SBP’s Pakistan Investment Bonds auction raises PKR 384.7 billion amid declining yields
Cut-off yields across different tenors decreased by 19-56 basis points

The State Bank of Pakistan (SBP) raised PKR 384.7 billion in Wednesday's Pakistan Investment Bonds (fixed) auction, surpassing the target of PKR 350 billion.
The cut-off yields across different tenors decreased by 19-56 basis points, with yields now ranging between 11.90% and 12.80%.
Inflation in Pakistan is showing a significant downward trend, with headline inflation projected to ease to 3.06% in January, marking the lowest level in nearly nine years.
This follows a year-on-year inflation rate of 4.1% in December, which was already an 80-month low.

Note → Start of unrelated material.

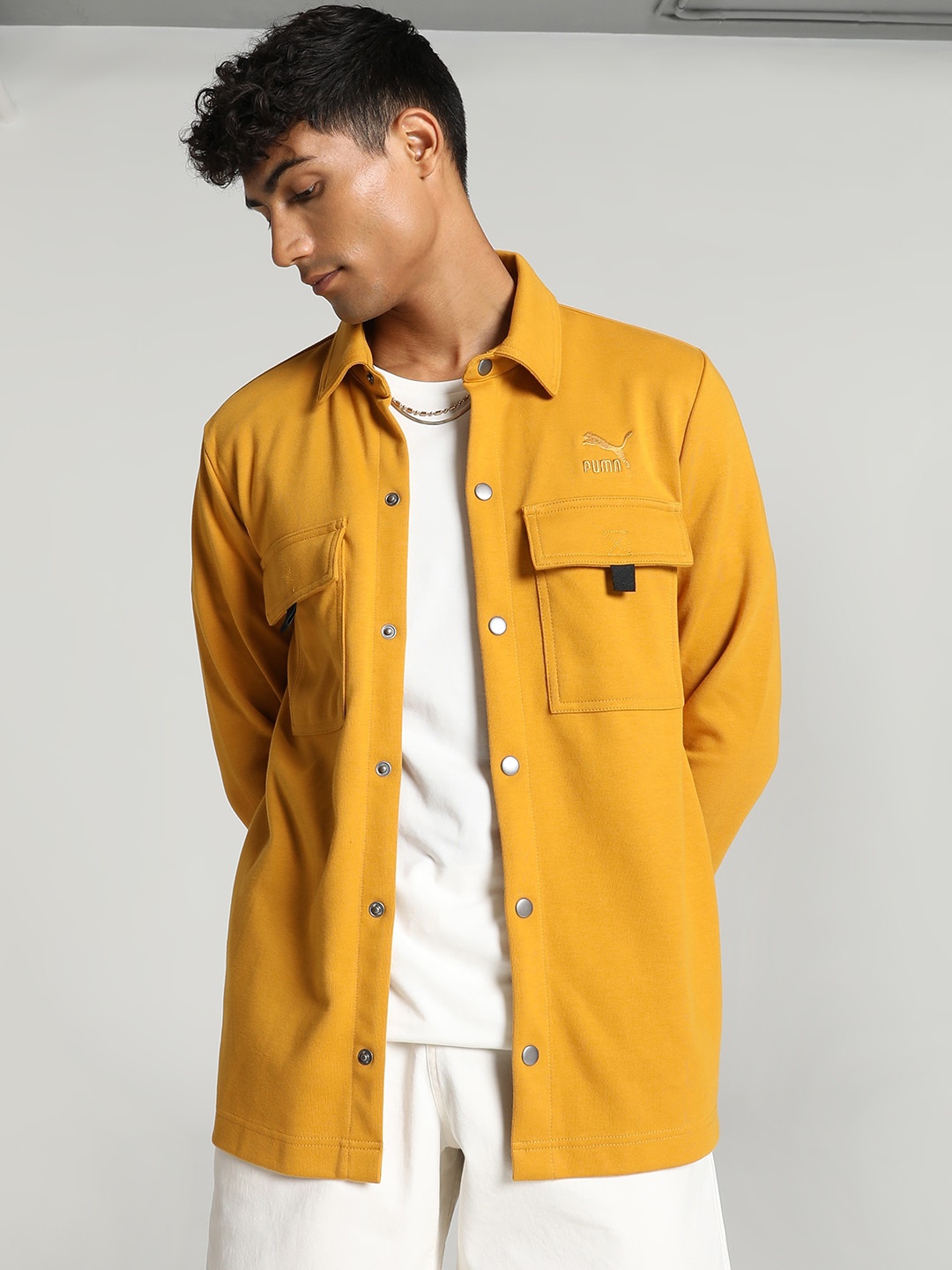 

Puma Modern Utility Logo Printed Detail Cotton Jacket, Yellow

An analyst at Arif Habib Limited noted that the real interest rate is projected to reach 9.98% in January, significantly higher than its historical average of approximately 2.5%.
Additionally, the historical spread between the policy rate and core inflation has averaged around 1.7% over the past nine years. These indicators suggest that the SBP has substantial room for further rate adjustments.
Given the current economic conditions, a 100 basis points rate cut is anticipated in the upcoming monetary policy meeting in January, which would bring the policy rate down to 12%.